Your assignment: Look through the listing for the string "Vintage" and copy out every line that holds it.

Given data:
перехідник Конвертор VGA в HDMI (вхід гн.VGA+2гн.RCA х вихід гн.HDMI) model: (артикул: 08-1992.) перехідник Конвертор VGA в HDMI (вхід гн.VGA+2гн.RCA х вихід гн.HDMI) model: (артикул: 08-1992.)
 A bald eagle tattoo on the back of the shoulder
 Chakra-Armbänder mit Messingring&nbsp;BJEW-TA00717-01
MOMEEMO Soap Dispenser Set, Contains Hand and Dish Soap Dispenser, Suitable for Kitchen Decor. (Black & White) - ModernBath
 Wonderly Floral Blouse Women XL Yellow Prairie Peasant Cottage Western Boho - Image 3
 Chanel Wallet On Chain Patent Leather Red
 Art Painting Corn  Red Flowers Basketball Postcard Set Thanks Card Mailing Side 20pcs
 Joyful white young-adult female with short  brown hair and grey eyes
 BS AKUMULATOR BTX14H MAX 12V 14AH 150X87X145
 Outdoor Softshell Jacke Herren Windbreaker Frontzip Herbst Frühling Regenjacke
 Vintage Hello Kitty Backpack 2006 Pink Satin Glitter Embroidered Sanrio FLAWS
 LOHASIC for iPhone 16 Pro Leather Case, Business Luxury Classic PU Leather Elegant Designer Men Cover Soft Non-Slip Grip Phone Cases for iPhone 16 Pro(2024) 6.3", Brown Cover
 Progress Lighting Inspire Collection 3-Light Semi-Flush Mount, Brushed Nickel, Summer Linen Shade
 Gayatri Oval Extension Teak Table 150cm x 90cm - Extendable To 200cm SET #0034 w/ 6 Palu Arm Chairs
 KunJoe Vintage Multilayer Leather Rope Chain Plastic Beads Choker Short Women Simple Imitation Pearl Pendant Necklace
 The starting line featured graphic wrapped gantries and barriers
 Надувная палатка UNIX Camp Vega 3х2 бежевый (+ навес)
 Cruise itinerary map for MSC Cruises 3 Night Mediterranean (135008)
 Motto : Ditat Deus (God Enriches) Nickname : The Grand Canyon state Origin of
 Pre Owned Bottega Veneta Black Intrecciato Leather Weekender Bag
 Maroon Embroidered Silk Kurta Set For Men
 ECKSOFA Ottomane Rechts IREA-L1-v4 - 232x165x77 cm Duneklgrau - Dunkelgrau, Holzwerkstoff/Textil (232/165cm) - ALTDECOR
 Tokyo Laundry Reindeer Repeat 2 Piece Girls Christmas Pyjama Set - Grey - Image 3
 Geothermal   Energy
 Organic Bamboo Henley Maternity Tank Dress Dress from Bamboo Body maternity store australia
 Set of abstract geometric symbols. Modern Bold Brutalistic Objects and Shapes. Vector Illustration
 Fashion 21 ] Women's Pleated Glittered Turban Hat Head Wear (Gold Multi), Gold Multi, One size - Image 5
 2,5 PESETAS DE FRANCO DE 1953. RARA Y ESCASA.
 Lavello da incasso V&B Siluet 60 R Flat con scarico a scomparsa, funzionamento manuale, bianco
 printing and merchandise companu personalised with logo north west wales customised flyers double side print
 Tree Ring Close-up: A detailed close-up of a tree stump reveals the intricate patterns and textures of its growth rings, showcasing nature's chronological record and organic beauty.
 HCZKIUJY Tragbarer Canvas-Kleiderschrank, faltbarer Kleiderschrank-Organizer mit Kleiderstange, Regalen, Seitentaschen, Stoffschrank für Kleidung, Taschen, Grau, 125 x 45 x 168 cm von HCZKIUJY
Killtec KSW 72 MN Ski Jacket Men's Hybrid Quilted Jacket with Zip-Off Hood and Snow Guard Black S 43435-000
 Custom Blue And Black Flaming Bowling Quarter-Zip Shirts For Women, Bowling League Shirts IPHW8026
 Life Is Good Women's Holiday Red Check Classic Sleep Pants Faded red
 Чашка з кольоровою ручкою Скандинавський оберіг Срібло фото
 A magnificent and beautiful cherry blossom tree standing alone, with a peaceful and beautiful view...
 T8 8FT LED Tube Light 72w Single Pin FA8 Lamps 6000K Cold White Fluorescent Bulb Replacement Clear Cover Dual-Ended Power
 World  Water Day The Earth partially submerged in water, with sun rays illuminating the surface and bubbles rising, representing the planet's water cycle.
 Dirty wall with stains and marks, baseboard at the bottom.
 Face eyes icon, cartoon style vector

Result of this exercise:
 Vintage Hello Kitty Backpack 2006 Pink Satin Glitter Embroidered Sanrio FLAWS
 KunJoe Vintage Multilayer Leather Rope Chain Plastic Beads Choker Short Women Simple Imitation Pearl Pendant Necklace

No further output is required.